◆ Extracted data ◆
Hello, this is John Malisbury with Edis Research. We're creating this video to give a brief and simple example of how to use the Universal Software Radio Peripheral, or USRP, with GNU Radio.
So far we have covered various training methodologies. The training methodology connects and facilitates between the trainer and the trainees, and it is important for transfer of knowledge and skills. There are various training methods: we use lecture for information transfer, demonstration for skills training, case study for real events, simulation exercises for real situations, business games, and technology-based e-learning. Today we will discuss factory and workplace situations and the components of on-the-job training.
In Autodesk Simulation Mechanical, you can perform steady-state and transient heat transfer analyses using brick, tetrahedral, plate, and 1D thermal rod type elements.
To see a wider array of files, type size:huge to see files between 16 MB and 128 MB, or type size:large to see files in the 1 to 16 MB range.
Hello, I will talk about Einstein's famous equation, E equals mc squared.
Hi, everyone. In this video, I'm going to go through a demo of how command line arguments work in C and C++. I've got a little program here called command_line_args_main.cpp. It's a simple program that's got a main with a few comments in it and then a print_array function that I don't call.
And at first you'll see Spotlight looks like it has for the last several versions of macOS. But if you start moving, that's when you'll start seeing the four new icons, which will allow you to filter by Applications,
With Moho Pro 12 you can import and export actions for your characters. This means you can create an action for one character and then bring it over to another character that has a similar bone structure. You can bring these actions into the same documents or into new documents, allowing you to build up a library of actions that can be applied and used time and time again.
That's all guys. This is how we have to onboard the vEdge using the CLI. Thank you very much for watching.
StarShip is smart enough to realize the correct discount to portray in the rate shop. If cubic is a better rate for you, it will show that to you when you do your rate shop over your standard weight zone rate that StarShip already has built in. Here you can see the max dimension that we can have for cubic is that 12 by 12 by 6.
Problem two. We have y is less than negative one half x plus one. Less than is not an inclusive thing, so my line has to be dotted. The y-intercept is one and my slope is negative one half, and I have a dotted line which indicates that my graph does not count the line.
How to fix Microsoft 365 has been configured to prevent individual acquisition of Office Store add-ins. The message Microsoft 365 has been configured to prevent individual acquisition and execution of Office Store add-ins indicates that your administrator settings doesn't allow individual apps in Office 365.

◆ What to produce ◆
Put down each entry again, unchanged and complete.

◆ Task solution ◆
Hello, this is John Malisbury with Edis Research. We're creating this video to give a brief and simple example of how to use the Universal Software Radio Peripheral, or USRP, with GNU Radio.
So far we have covered various training methodologies. The training methodology connects and facilitates between the trainer and the trainees, and it is important for transfer of knowledge and skills. There are various training methods: we use lecture for information transfer, demonstration for skills training, case study for real events, simulation exercises for real situations, business games, and technology-based e-learning. Today we will discuss factory and workplace situations and the components of on-the-job training.
In Autodesk Simulation Mechanical, you can perform steady-state and transient heat transfer analyses using brick, tetrahedral, plate, and 1D thermal rod type elements.
To see a wider array of files, type size:huge to see files between 16 MB and 128 MB, or type size:large to see files in the 1 to 16 MB range.
Hello, I will talk about Einstein's famous equation, E equals mc squared.
Hi, everyone. In this video, I'm going to go through a demo of how command line arguments work in C and C++. I've got a little program here called command_line_args_main.cpp. It's a simple program that's got a main with a few comments in it and then a print_array function that I don't call.
And at first you'll see Spotlight looks like it has for the last several versions of macOS. But if you start moving, that's when you'll start seeing the four new icons, which will allow you to filter by Applications,
With Moho Pro 12 you can import and export actions for your characters. This means you can create an action for one character and then bring it over to another character that has a similar bone structure. You can bring these actions into the same documents or into new documents, allowing you to build up a library of actions that can be applied and used time and time again.
That's all guys. This is how we have to onboard the vEdge using the CLI. Thank you very much for watching.
StarShip is smart enough to realize the correct discount to portray in the rate shop. If cubic is a better rate for you, it will show that to you when you do your rate shop over your standard weight zone rate that StarShip already has built in. Here you can see the max dimension that we can have for cubic is that 12 by 12 by 6.
Problem two. We have y is less than negative one half x plus one. Less than is not an inclusive thing, so my line has to be dotted. The y-intercept is one and my slope is negative one half, and I have a dotted line which indicates that my graph does not count the line.
How to fix Microsoft 365 has been configured to prevent individual acquisition of Office Store add-ins. The message Microsoft 365 has been configured to prevent individual acquisition and execution of Office Store add-ins indicates that your administrator settings doesn't allow individual apps in Office 365.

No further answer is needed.